The eastern wall of the room is filled with family pictures—twenty photos of my children and grandchildren—and fourteen certificates revering my books. In the midst of those certifications is a photo I am especially proud of. It shows Marine General Al Gray holding a copy of my novel Last of the Annamese, which is set during the fall of Saigon. It was General Gray, then a colonel, who rescued me as Vietnam fell to the North Vietnamese conquerors. It was thanks to him that I escaped, even though, granted, it was under fire. He went on to be the Commandant of the Marine Corps, a man considered a hero by Marines. General Gray, now in his nineties, still stays in touch with me, especially on April 29, the day Saigon fell in 1975.

My office, in short, speaks volumes about me and my history. It will be there for my family when my life is over.

Why Is Trump Unassailable?

Donald Trump is known to have stolen 11,000 documents when he left the White House after his election defeat. That included some 100 that were classified, some as top secret.
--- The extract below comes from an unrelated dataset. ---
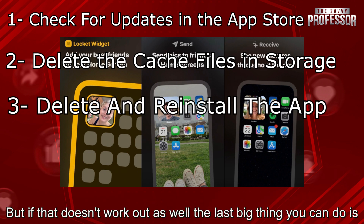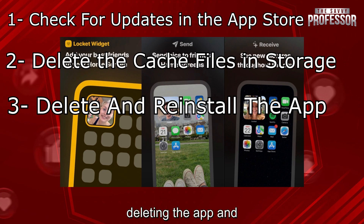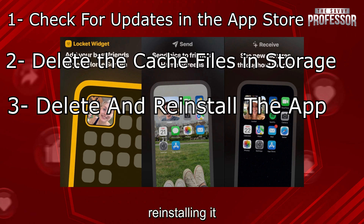But if that doesn't work out as well, the last big thing you can do is deleting the app and reinstalling it.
Press reports don’t specify, but I’m assuming some of those were codeword and SCI (sensitive compartmented information). During my long career dealing with classified material, I held clearances for access to all those categories. They included some of the most sensitive information whose revelation could have threatened the security of the U.S.

Trump also defied the U.S. Congress refusing to appear when subpoenaed. The time specified for his appearance before the January 6 Committee came and went.

I know very well that during my years of working classified material, had I absconded with even a single secret document, I would have been arrested, tried, convicted, and imprisoned forthwith. I don’t know what the penalty for failure to appear when subpoenaed is, but I assume it is similar.

And yet, Trump continues to go free. He is no longer president. He is a private citizen who stole classified documents and refuses a legal summons to appear. Why is he immune to arrest?

As a retired federal official, I demand that Trump be treated as any other citizen—arrested and tried for stealing documents and failing to appear when ordered.

Why is this man allowed to get away with what none of the rest of us could?